La stessa Suprema Corte ha chiarito, dunque, che deve sussistere un pregiudizio concreto; altrimenti tale reato rientrerebbe e resterebbe nello stadio del tentativo.
In tale ultimo caso, di conseguenza, non sarebbe poi possibile procedere al sequestro preventivo finalizzato alla confisca per equivalente; avendo riguardo, più precisamente, al profitto tratto in relazione alla vendita del credito in questione.
Nel caso di interesse, infatti, un’impresa appaltatrice aveva rilasciato false attestazioni; facendo risultare il compimento di opere edilizie agevolabili con il Superbonus (di fatto, però, non realizzate concretamente). Tale società aveva poi proceduto alla cessione a soggetti terzi del credito fittizio; ed il Tribunale di Udine, in primo grado, aveva ritenuto di emettere ordinanza di sequestro preventivo di tali somme.

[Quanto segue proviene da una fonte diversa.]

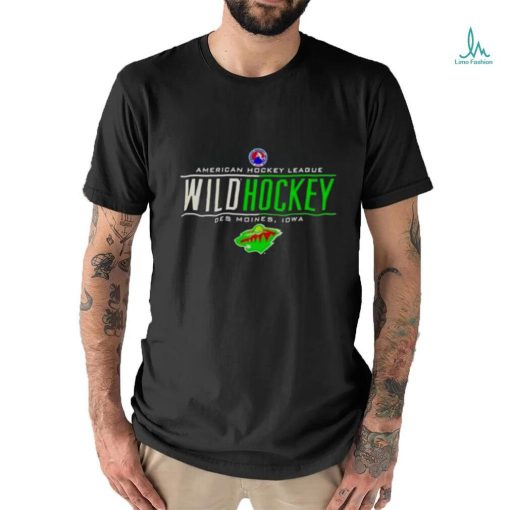 American Hockey League Wild Hockey Des Moines Iowa Minnesota Wild Logo T shirt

La società interessata da tale pronuncia aveva perciò impugnato l’anzidetta ordinanza innanzi al Giudice di legittimità; che ha poi provveduto all’annullamento dell’ordinanza di sequestro preventivo suddetta. Gli Ermellini, con la sentenza oggetto di interesse i fini del presente contributo, hanno stabilito in proposito che non risulta sufficiente, nell’ottica della configurazione dei reati di cui agli artt. 640 e 640 bis del nostro codice penale, il solo riconoscimento del credito d’imposta da parte dell’Agenzia delle Entrate nei confronti del titolare e poi del terzo cessionario; ove manchi di un reale danno economico per lo Stato, a causa dell’assenza di compensazione. In altre parole, la Suprema Corte (diversamente, peraltro, da quanto fatto in passato) ha ritenuto tale fattispecie inquadrabile come tentativo di truffa; poiché le false attestazioni da parte della nota società non avrebbero comportato un pregiudizio economico allo Stato, che si sarebbe invece verificato solo con la riscossione del credito, oppure con il suo uso mediante compensazione.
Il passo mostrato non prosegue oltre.